I found myself trawling though old blog posts this morning, trying to find if I’d ever had much to say about a bike I owned a few years back. There was barely a mention of it. In fact, there was little mention of most of my biking history.

Why was I looking? For several days I’ve been talking to @bikesandtravels on twitter. It seems we share a preference for smaller motorcycles. He recently toured Scotland on his CBF125 and I’ve been riding the YBR125 around all winter and intend to use it for most of Autumn. He also has a CBF250 which is having ‘issues.’ I’ve had two 250s in the past and both had ‘issues.’ Something else we share I guess.

Anyway, somewhere in this conversation, it was suggested I should write about the Hyosung GT250 I owned some years ago. I thought I’d probably written something but, as I already mentioned, I hadn’t. There’s little mention of the Yamaha YBR250 I had when I started blogging either. And with little else to blog about, it seems perhaps a series of posts on the bikes I’ve owned over the years is in order.
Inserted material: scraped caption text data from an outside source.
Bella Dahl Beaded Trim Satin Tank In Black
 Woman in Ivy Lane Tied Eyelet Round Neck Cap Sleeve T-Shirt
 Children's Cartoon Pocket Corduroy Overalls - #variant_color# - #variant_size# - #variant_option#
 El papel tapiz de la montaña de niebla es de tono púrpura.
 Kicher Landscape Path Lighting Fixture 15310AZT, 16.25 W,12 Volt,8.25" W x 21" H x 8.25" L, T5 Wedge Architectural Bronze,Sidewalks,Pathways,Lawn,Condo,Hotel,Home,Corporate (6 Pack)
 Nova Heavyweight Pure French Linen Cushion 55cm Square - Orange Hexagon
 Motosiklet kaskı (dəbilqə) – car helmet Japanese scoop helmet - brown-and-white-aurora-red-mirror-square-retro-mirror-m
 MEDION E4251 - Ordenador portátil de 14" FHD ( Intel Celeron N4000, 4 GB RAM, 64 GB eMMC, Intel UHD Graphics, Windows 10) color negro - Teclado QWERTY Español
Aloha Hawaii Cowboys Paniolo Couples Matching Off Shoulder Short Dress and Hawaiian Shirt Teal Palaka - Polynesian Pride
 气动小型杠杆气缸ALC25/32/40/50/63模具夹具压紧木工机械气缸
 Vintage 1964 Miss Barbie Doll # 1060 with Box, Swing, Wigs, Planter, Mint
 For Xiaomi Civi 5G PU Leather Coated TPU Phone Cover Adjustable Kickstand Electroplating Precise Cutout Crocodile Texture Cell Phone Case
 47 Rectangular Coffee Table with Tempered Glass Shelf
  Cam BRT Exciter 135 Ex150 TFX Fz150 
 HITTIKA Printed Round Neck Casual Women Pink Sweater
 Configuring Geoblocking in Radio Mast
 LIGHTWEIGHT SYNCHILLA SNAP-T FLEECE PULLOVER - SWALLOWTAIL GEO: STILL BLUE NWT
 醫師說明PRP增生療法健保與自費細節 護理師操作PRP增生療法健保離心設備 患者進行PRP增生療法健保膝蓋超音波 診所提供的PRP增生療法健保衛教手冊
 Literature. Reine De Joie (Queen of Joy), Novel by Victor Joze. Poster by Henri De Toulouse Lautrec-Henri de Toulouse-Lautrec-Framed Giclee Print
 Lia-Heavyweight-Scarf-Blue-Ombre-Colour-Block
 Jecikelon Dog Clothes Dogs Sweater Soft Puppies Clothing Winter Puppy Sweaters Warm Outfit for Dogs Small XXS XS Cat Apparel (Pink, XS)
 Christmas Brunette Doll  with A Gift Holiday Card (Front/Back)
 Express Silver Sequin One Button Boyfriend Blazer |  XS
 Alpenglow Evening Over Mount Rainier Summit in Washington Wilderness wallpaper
I don’t really do reviews, probably because I don’t really read them when others do, usually preferring to check it out myself or speak directly to owners. I tend not to care about people’s kit or bike reviews because, all to often, they review kit they haven’t had very long. In doing this, I will be writing about things I haven’t had for a long time. They will, therefore, be tainted with that sort of instagram nostalgic filter we so often put on the past. Hopefully a good balance between fact and opinion will be found.

Right then, I’m off to find a picture of the old CB100. That was an awesome bike (there I go).